FRANKFORD – Today, all baseball fans in New Jersey should be fans of the “Sussex County Miners.” That’s because this team is willing to give it a go in rural northwest New Jersey, which hasn’t had a minor league team at Skylands Stadium in four years. The New Jersey Herald reports the Miners played their first home game yesterday in front of a crowd of 3,819 fans, earning their first-ever win over those scrappy New Jersey Jackals. Can’t get enough of the Miners? Well, find your way northwest, as the Miners play the Ottawa Champions on Friday. Stick around into the late innings, where perhaps fans can take turns playing third base.

PRINCETON – We rarely offer movie picks, but we recommend your next selection should be “A Beautiful Mind” to learn all about the early life of math genius John Nash, a Princeton University graduate who won the Nobel Prize in 1994. Dr. Nash and his wife, Alicia, lost their lives Saturday in a car crash on the New Jersey Turnpike.

IN THE MEDIA

The Morning Briefing took some heat Sunday morning by a Star-Ledger columnist for quoting the Governor’s choice words at the N.J. Legislative Correspondents Club dinner.

It's clearly an “on the record” event — which its organizers readily admit – and has been so since 1994. The Morning Briefing has published excerpts from the Correspondents Club dinner for the last four years without fanfare.

But the Star-Ledger columnist argued that the governor’s comments should not have been reported. “Of course, from here on, if this event survives, speakers will not let down their guards, so it won't be as funny or revealing. So congratulations to the knuckleheads that reported this. They wrecked this night.”

First, we must apologize for "wrecking the night" because we now understand that it’s impossible to have a political roast without throwing f-bombs, even though the national press corps somehow manages to pull it off every year at the White House Correspondents’ Association dinner,  broadcast on C-SPAN and all over YouTube.

Our Governor is running for President of the United States. His necktie choice is open for public scrutiny and debate, much less a profanity-laced media rant presented as "humor."  

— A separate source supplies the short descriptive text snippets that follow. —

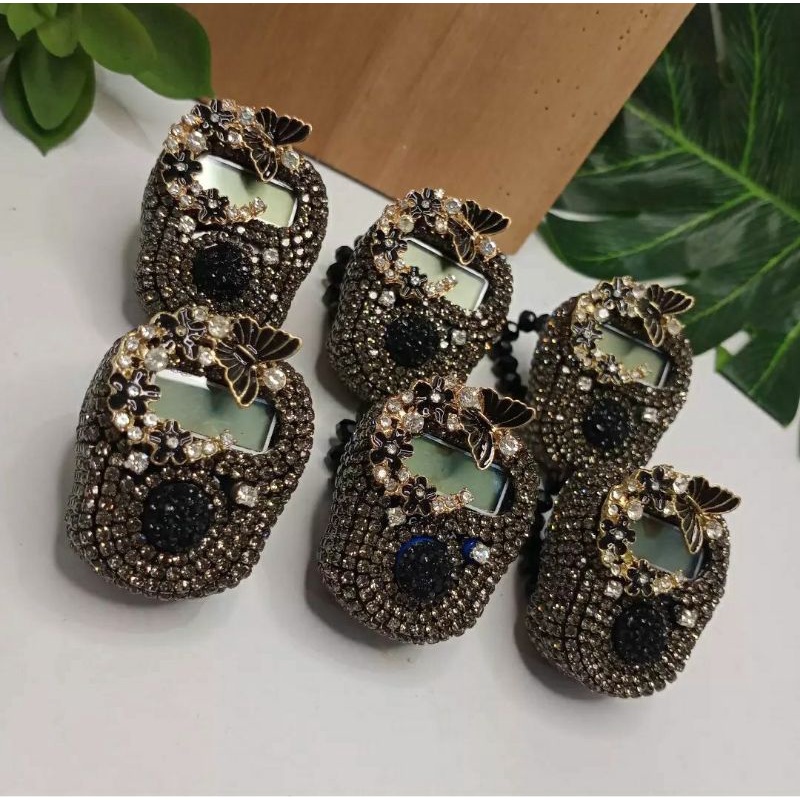 tasbih digital swarovski silver hitam series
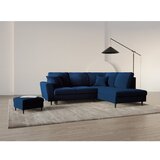 Cosmopolitan Design Plava baršunasti sklopiva/s prostorom za odlaganje kutna garnitura (s desnim kutom/u obliku slova L) Kyoto – | shoptok.hr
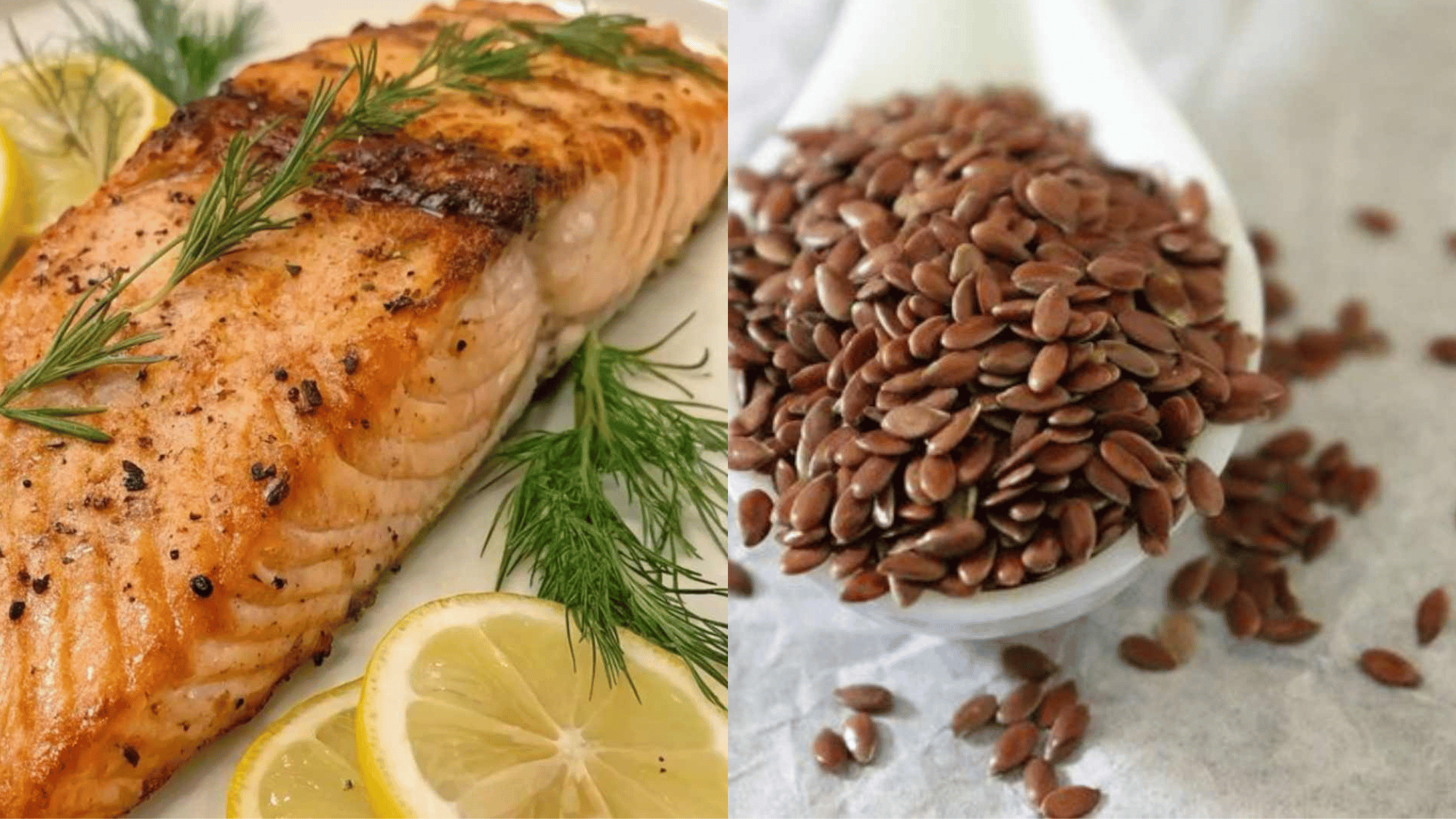 Grilled salmon and flaxseeds for omega-3 rich skin glow diet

Of course, we’ve got plenty more to say. Click here for more.

IN OTHER IMPORTANT NEWS

GOUVERNEUR, N.Y. – Call it a head scratcher, as cops are trying to figure out the owner of nine brains found on the side of the road. The brains, cops think, are from a special collection of someone who uses them for medical research, as they were professionally removed and preserved in formaldehyde. But why put the brains on the side of the street? Perhaps Dr. Frankenstein was cleaning out the garage.

BOSTON – Taking her allegiance to the New England Patriots to the grave and beyond, a 72-year-old fan has used her obituary to proclaim to the world that “Brady is innocent!” The Boston Globe notes the woman also enjoyed scrapbooking, weekly card night and spending time with her family, besides setting “the record straight” on her favorite QB.

THIS DAY IN HISTORY

It was this day in 1984 that someone in Philadelphia was able to keep a Frisbee aloft for 1,672 seconds. Assume a freak tornado?

WORD OF THE DAY

Folderol – noun

Definition: nonsense

Example: The editorial column was pure folderol, as the writer recklessly ignored facts to justify his opinion.